Consumers are rarely actively pursuing social goals when going vegan. But at a sociological level, it does present opportunities to communicate personal attributes that are considered useful in contemporary society.

T. ROBINSON & O. LUNDAHL: ‘Revered French gastronome Jean Brillat-Savarin coined the phrase: “Tell me what you eat, and I will tell you who you are”. He wasn’t wrong. If you’re someone who thinks about your food choices, its probably in terms of health or ethics. But they are also intimately connected with identity, class, and ideology… Vegans, for instance, are more likely to be young and female than old and male. The lifestyle also challenges traditional norms of masculinity. And instead of the hedonistic consumption associated with the upper classes, veganism is associated with restraint and discipline.

Yet, this restraint comes with its own social implications. As our new research shows, plant-based diets come with burdens – and successfully navigating them can help vegans to promote an image of upward mobility in contemporary consumer society. We first studied how veganism was represented in more than 2,000 articles in the UK media. Then we conducted 20 in-depth interviews with middle-class consumers who were either vegans or closely acquainted with vegans.
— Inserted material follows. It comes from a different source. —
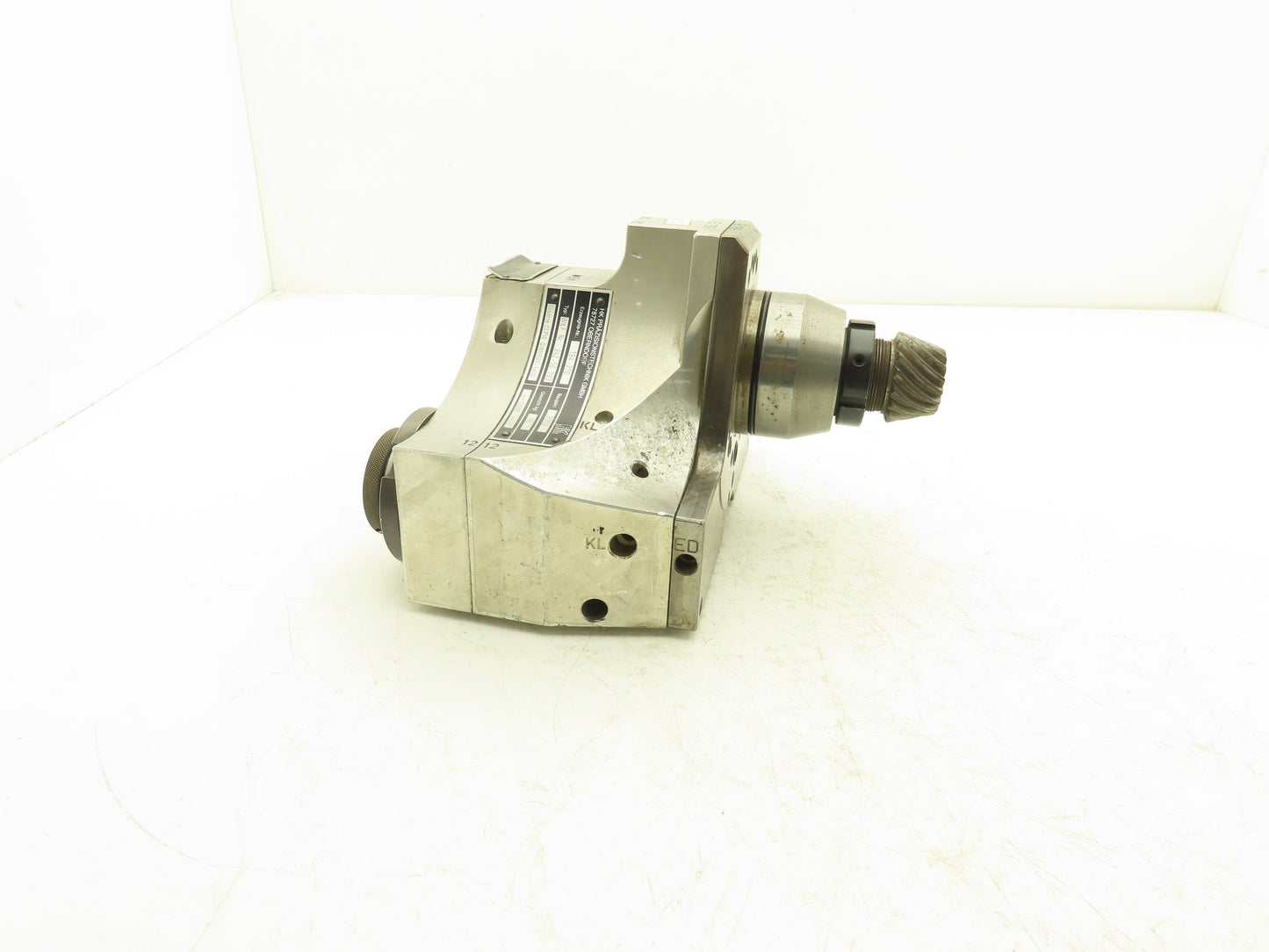 HZ Prazisionstechnik GMBH 242-50 793 Spindle Head Gearbox 1:1 Reducer CLP10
We mapped how they perceived veganism, including its relationship to class and character.

Analysing data from the interviews and the media together, we identified five key burdens associated with the vegan lifestyle, and the social signals that successfully navigating them sends… Consumers are rarely actively pursuing social goals when going vegan. But at a sociological level, it does present opportunities to communicate personal attributes that are considered useful in contemporary society: knowledgeable, disciplined, able to support oneself, but also able to form social connections… Of course, the ethical and environmental aspects are still – for many people – the major motivation to be vegan.
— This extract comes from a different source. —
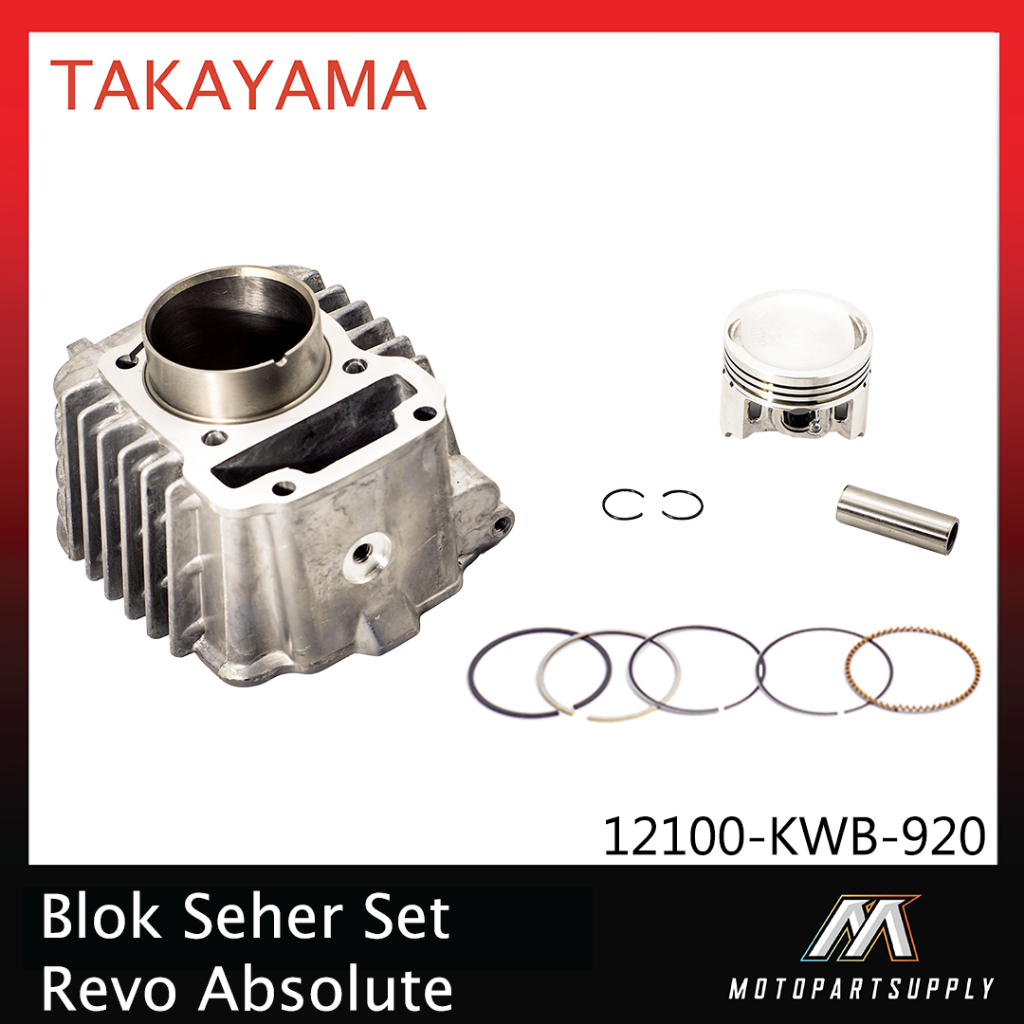 Takayama Cylinder Block Assy / Blok Mesin Seher Set Revo Absolute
But as other recent research of ours shows, thanks to recent celebrity uptake of the diet, veganism is no longer a purely moral movement at the periphery of society, but also a desirable lifestyle choice considered trendy in mainstream culture… The ethos of veganism itself is an admirable and strongly held altruistic conviction among many of its practitioners – but it also plays an important role in curating your personal image. Perhaps Brillat-Savarin’s dictum should now read: “Tell me who you want to be and I will tell you what to eat!”.’  SOURCE…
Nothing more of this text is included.